EPILOG

Po długim wahaniu postanowiłem zakończyć pracę z prowadzonym od ponad 500-set dni blogiem pt. "Poezja, którą da się czytać". Jak spostrzegliście 7 ostatnich postów zasadniczo odbiegało tematem od wcześniejszych treści, dlatego zostały przeniesione do nowoutworzonego bloga, który będzie poruszał właśnie taką tematykę. Mam nadzieję, że te ważne tematy wciągną was i zachęcą do czytania, i czynnego uczestnictwa w życiu nowego bloga pt. "Tropem dziwactw i bezsensu". Zapraszam. Oto nowy adres pod którym mnie znajdziecie:

http://tropem-dziwactw-i-bezsensu.blogspot.com

środa, 25 marca 2009

Dzień 25

Dzisiaj zdecydowane odstępstwo od normy. Jest godzina 17,32 a ja już się zalogowałem do napisania posta. Z uwagi na zainteresowanie kilku osób moją formą pisania... szczególnie chodzi mi o ostatnie dni podczas, których wpisuję po jednej zwrotce wiersza.
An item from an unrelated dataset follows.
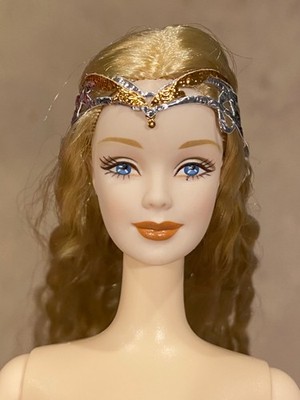 NEW_Unbox_Barbie doll Galadriel Lord of the Rings Fellowship Crown_Pale_Elf Ears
Wymyśliłem sobie maleńką zgadywankę.Zastanawiam sie czy ktoś pokusiłby się na ewentualne napisanie kilku zdań odnośnie zakończenia mojego wiersza... Zdradzę wcześniej, że wiersz został dzisiaj ukończony i składa się na niego dwanaście zwrotek... podpowiedzi mogą być interesujące...

cd.

Czasami huragan cichnie i słabną wściekle ryczące potwory,
Wtedy łapczywie wdycham zmierzwione wiatrem powietrze,
Ale po krótkiej chwili wytchnienia, zrywa się z podwójna siłą,
Szarpie i wyje… wydaje się, że zaraz wszystko w pył zetrze.